___ Raw data ___

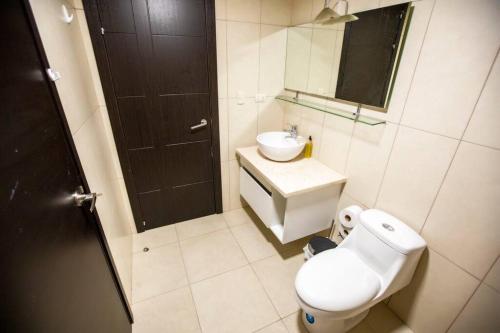 a bathroom with a toilet and a sink and a mirror at 1206 Increible suite en Puerto santa Ana in Guayaquil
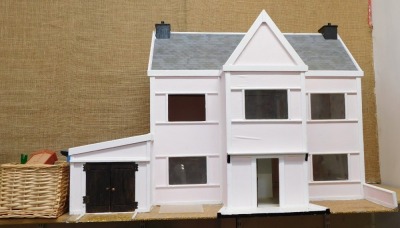 A hand built doll's house, and dolls furniture.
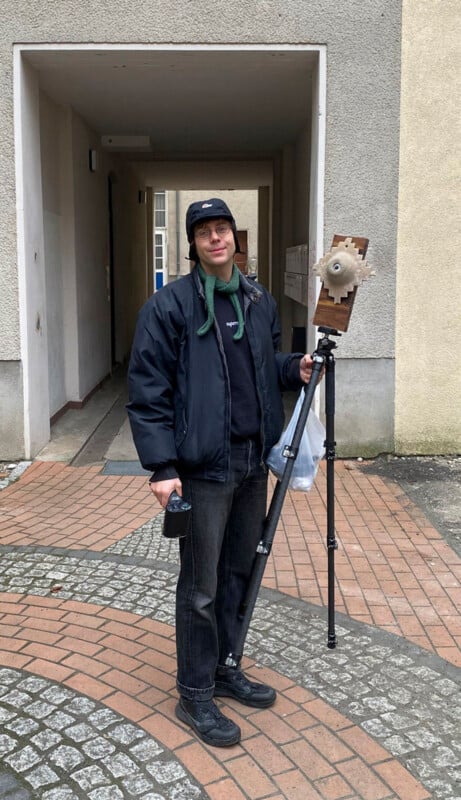 A person stands outside on a brick walkway holding a camera remote and a tripod with a handmade, wooden contraption mounted on it. The person wears a dark jacket, bucket hat, and has green headphones around their neck.
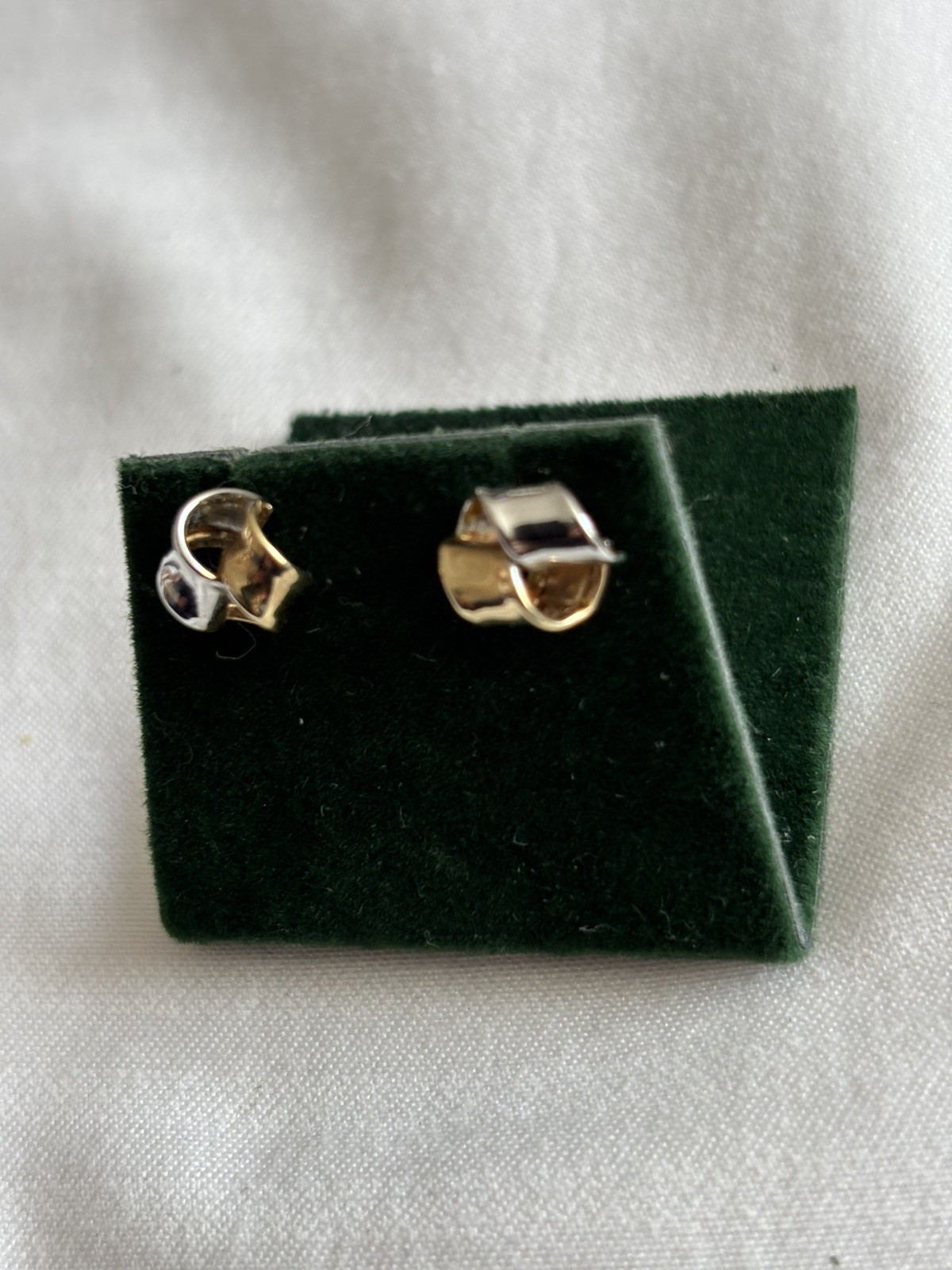 Two tone 9 carat gold twisted stud earrings.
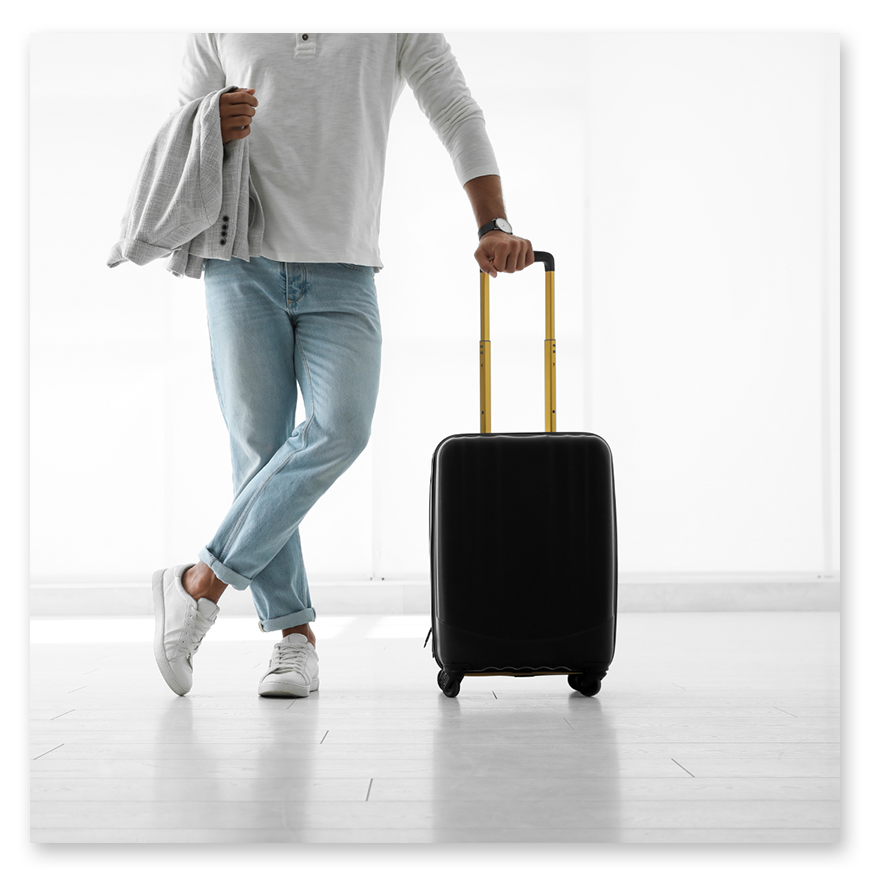 A person stands with a black suitcase, holding a jacket, in a bright, minimalistic setting.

___

_Work item_. Keep the pictures out and transcribe the entries exactly.

_Solution below_.
 a bathroom with a toilet and a sink and a mirror at 1206 Increible suite en Puerto santa Ana in Guayaquil
 A hand built doll's house, and dolls furniture.
 A person stands outside on a brick walkway holding a camera remote and a tripod with a handmade, wooden contraption mounted on it. The person wears a dark jacket, bucket hat, and has green headphones around their neck.
 Two tone 9 carat gold twisted stud earrings.
 A person stands with a black suitcase, holding a jacket, in a bright, minimalistic setting.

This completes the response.